Short descriptive text snippets:
- - -
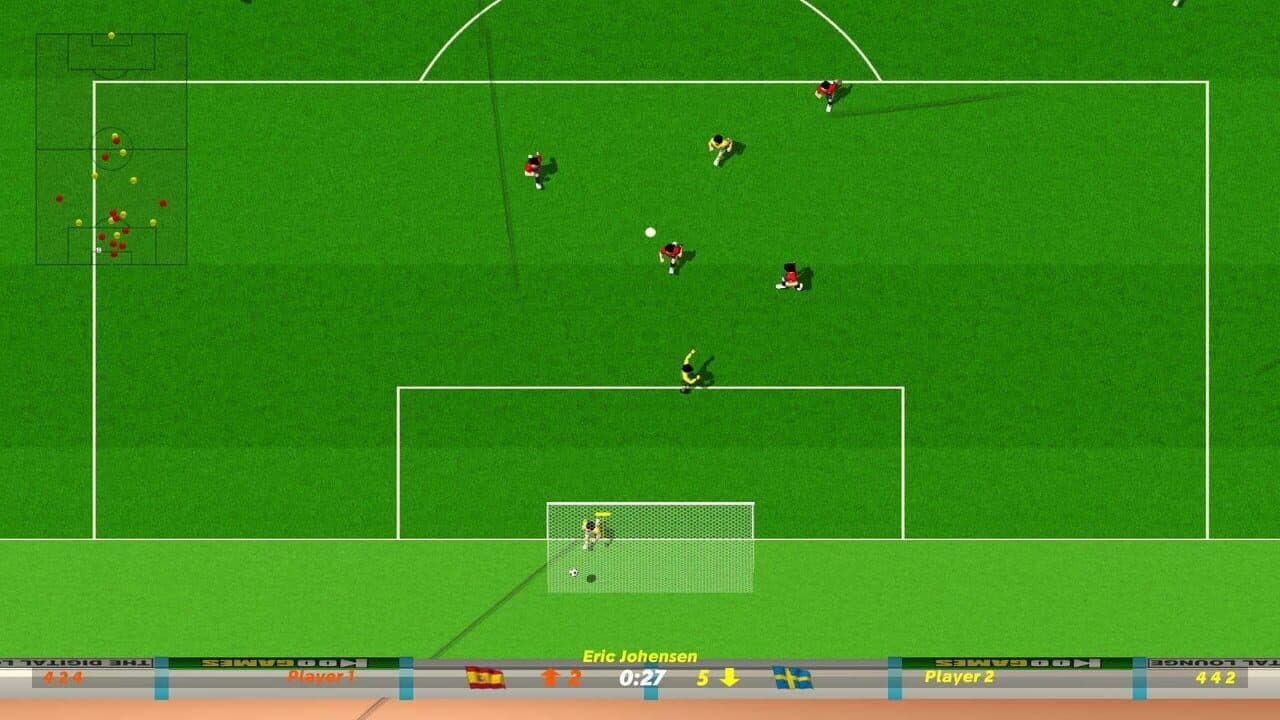 Dino Dini's Kick Off Revival thumbnail 3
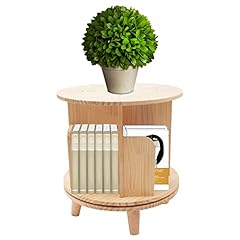 Hinopy rotating bookshelf for sale  Delivered anywhere in UK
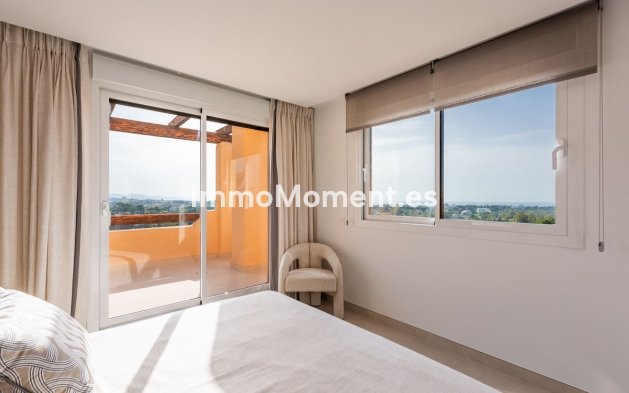 Wiederverkauf - Wohnung - Estepona  - Atalaya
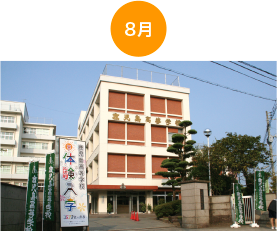 8月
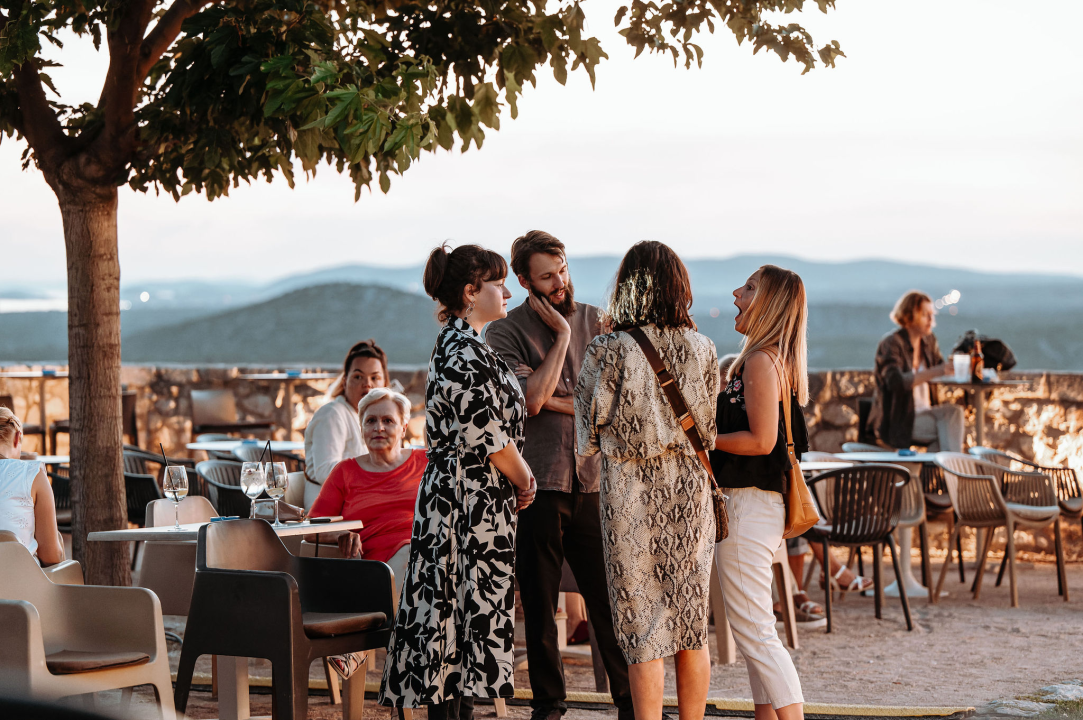 Na Baroneu prikazan ‘najhrabriji film Balkana’, direktor fotografije Pelikana je Šibenčanin Tomislav Krnić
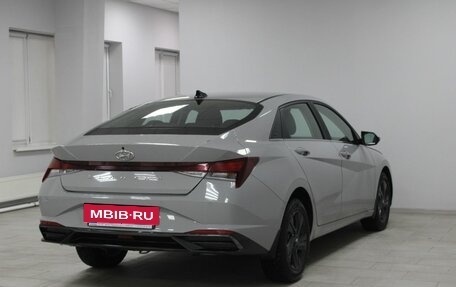 Hyundai Elantra, 2021 год, 2 469 900 рублей, 4 фотография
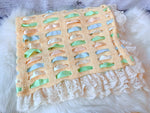 Baby Lace Blanket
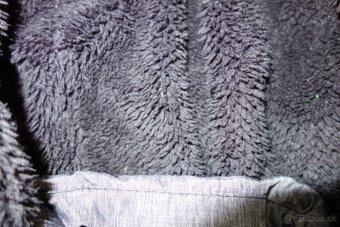 Dievčenská zimná bunda 146-152 - 2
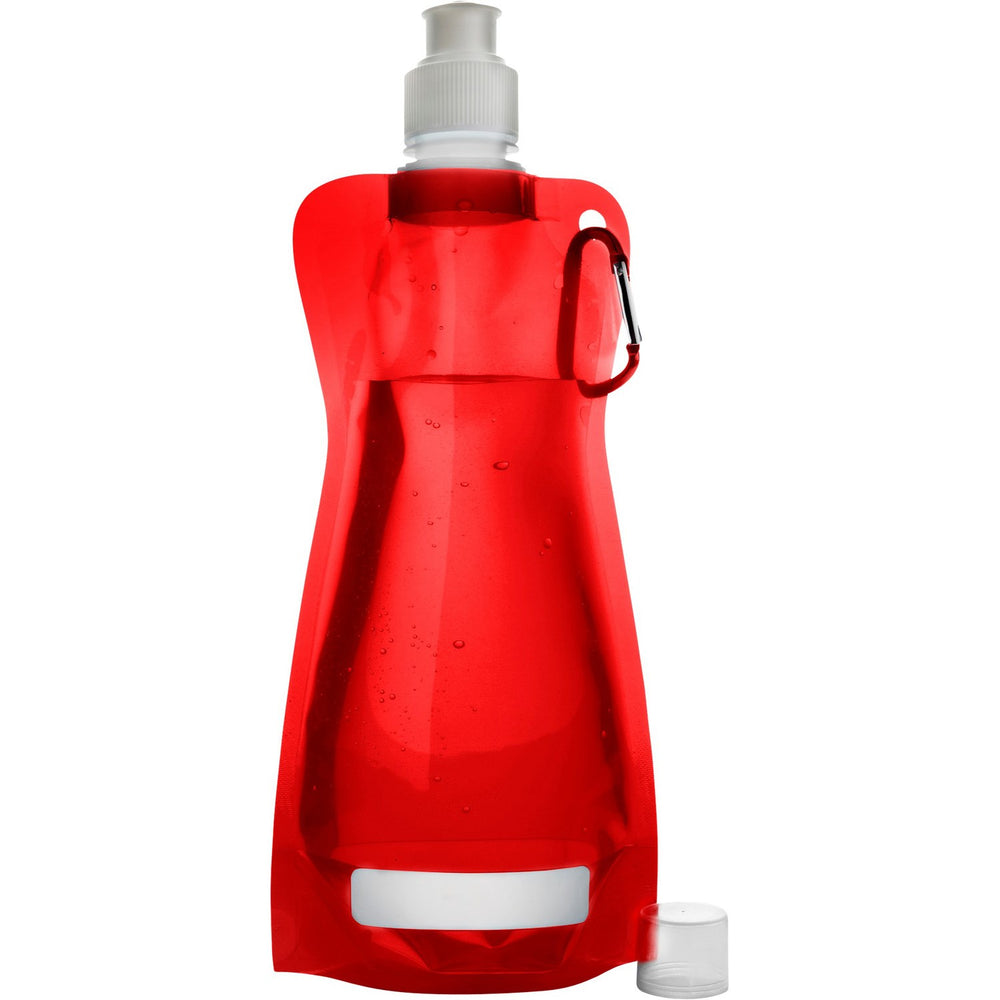 Branded Lollesworth Foldable water bottle (420ml)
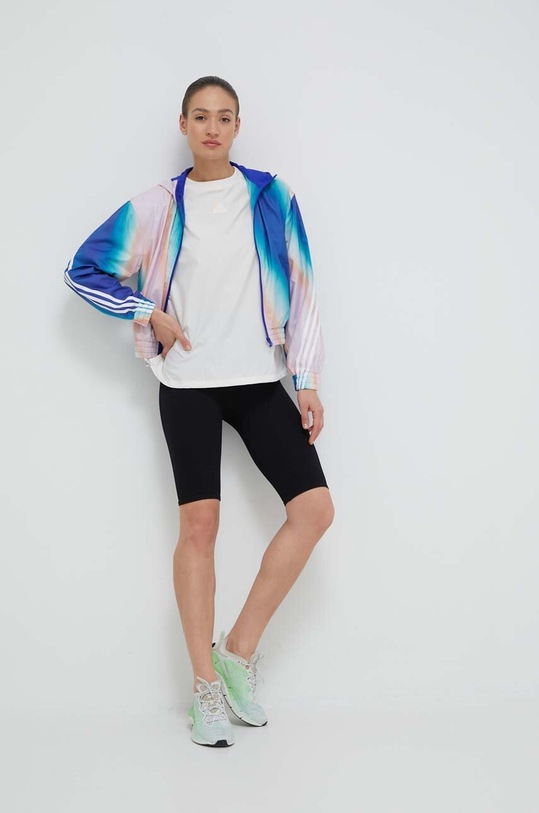 adidas kurtka IC0470 multicolor SS23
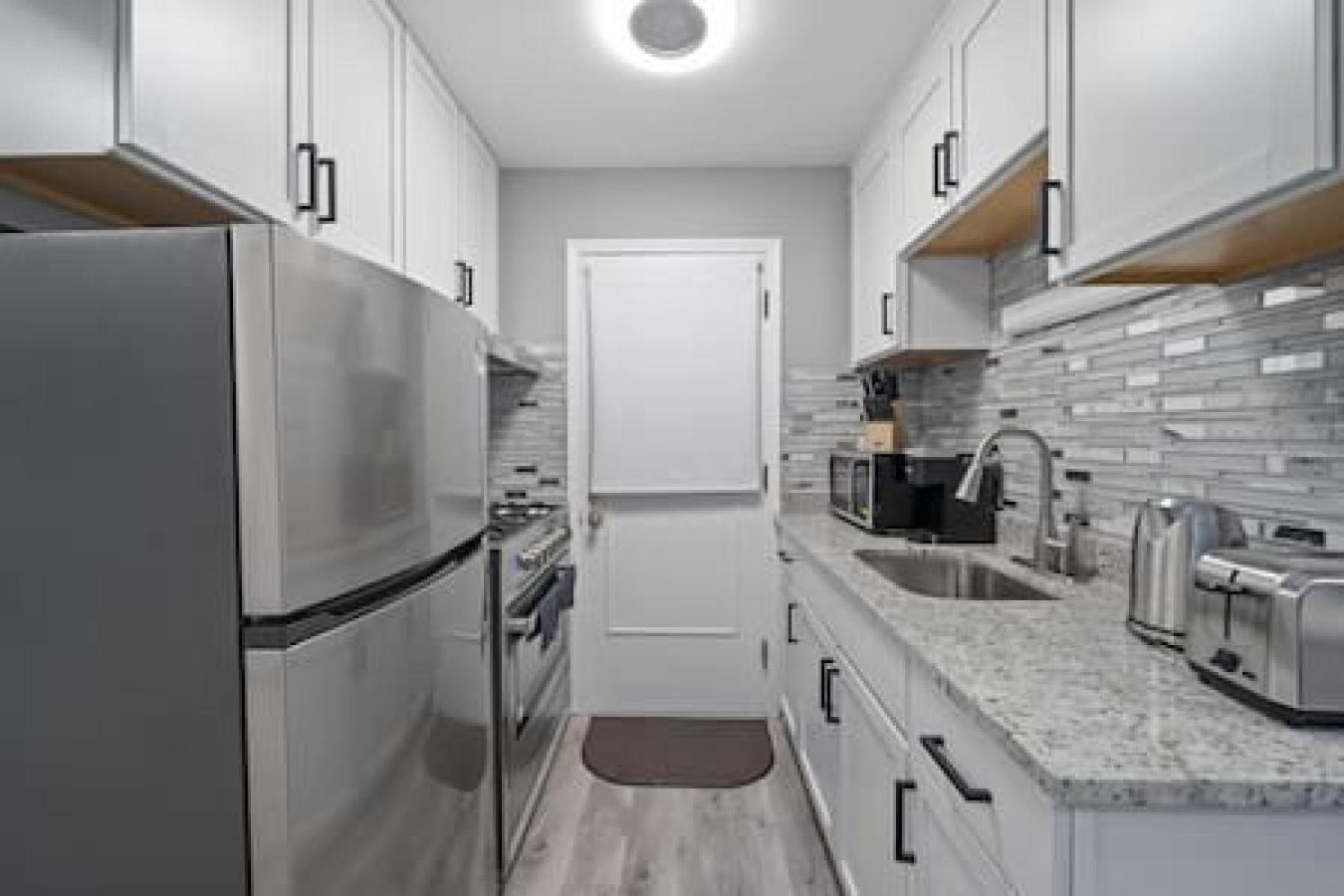 Urban Elegance Retreat In Downtown Rochester Luaran gambar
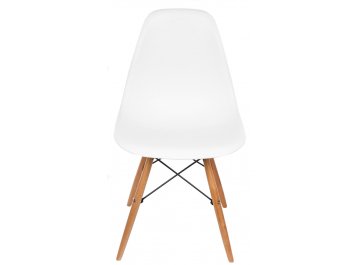 Стул Eames PC-015 белый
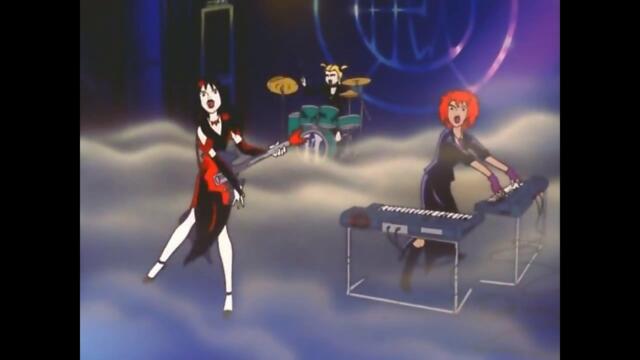 "I'm a Hex Girl"-Scooby Doo and the Witch's Ghost
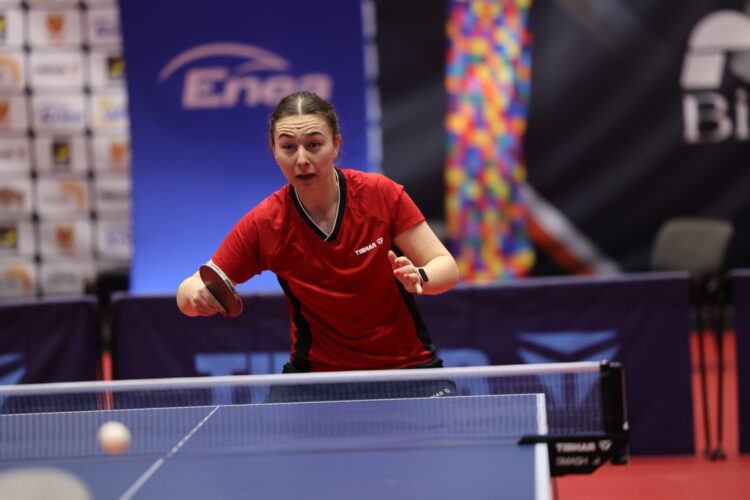 Natalia Bajor opuszcza KTS Enea Siarkopol Tarnobrzeg. Czołowa polska tenisistka stołowa zagra w Berlinie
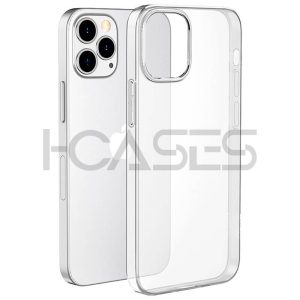 Силиконов калъф Ultraslim за iPhone 12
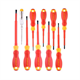Set de tournevis (10 pièces) Stanley STHT60032-0
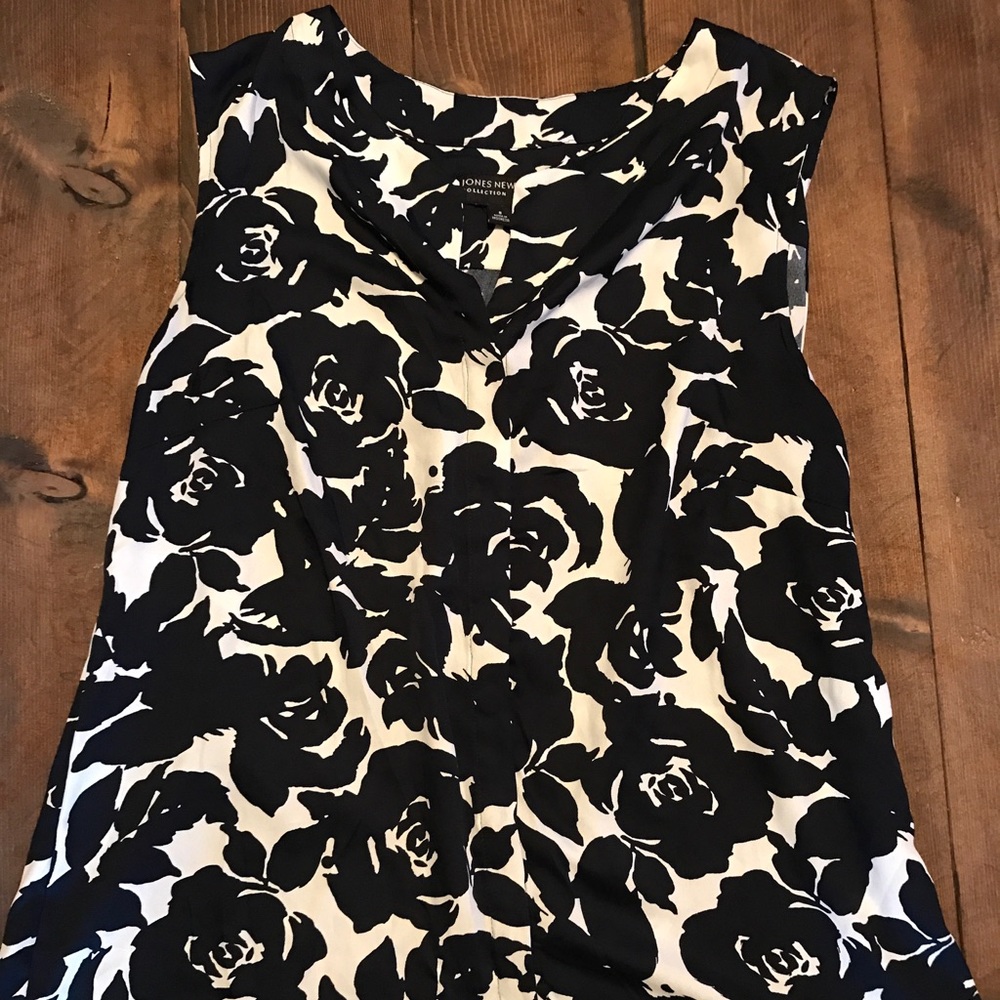 Jones New York top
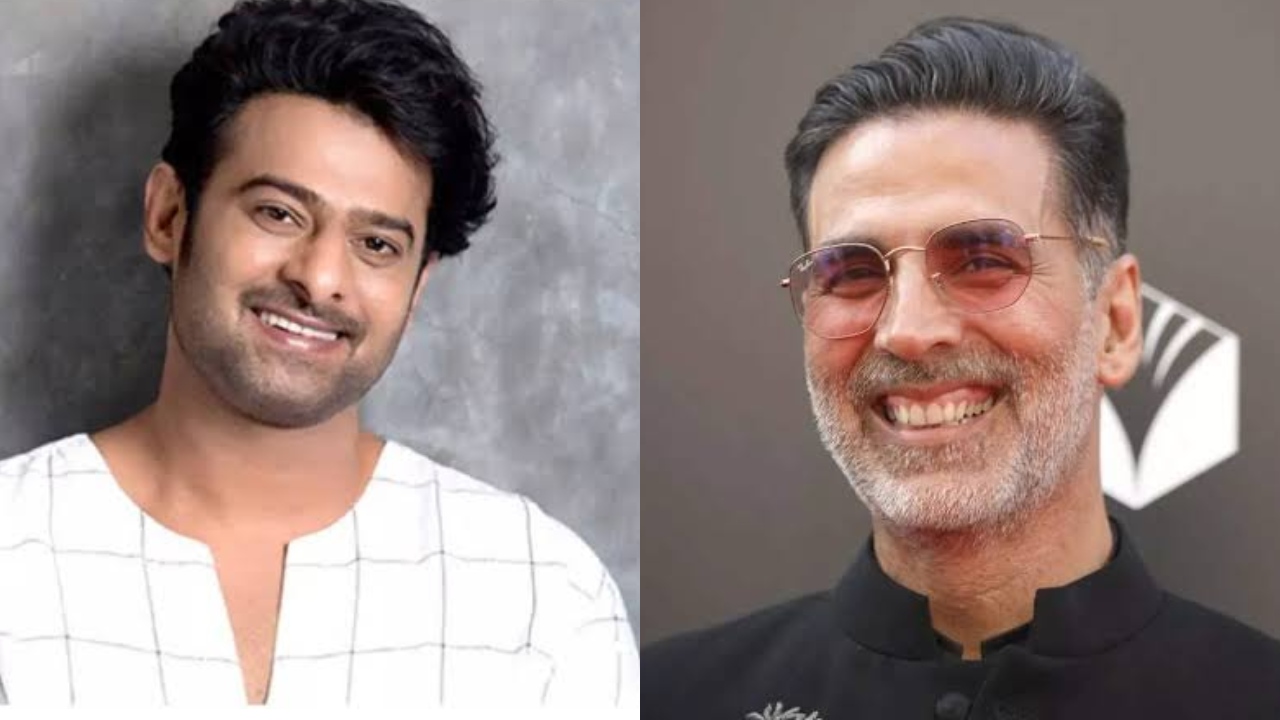 फिल्म ‘कन्नप्पा’ में अक्षय कुमार के साथ नजर आएंगे प्रभास, जाने फिल्म से जुड़ी पूरी खबर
- - -
# Action item
All of the entries need to be retyped word for word, pictures excluded.

# Exercise response
 Dino Dini's Kick Off Revival thumbnail 3
 Hinopy rotating bookshelf for sale  Delivered anywhere in UK
 Wiederverkauf - Wohnung - Estepona  - Atalaya
 8月
 Na Baroneu prikazan ‘najhrabriji film Balkana’, direktor fotografije Pelikana je Šibenčanin Tomislav Krnić
 Hyundai Elantra, 2021 год, 2 469 900 рублей, 4 фотография
 Baby Lace Blanket
 Dievčenská zimná bunda 146-152 - 2
 Branded Lollesworth Foldable water bottle (420ml)
 adidas kurtka IC0470 multicolor SS23
 Urban Elegance Retreat In Downtown Rochester Luaran gambar
 Стул Eames PC-015 белый
 "I'm a Hex Girl"-Scooby Doo and the Witch's Ghost
 Natalia Bajor opuszcza KTS Enea Siarkopol Tarnobrzeg. Czołowa polska tenisistka stołowa zagra w Berlinie
 Силиконов калъф Ultraslim за iPhone 12
Set de tournevis (10 pièces) Stanley STHT60032-0
 Jones New York top
 फिल्म ‘कन्नप्पा’ में अक्षय कुमार के साथ नजर आएंगे प्रभास, जाने फिल्म से जुड़ी पूरी खबर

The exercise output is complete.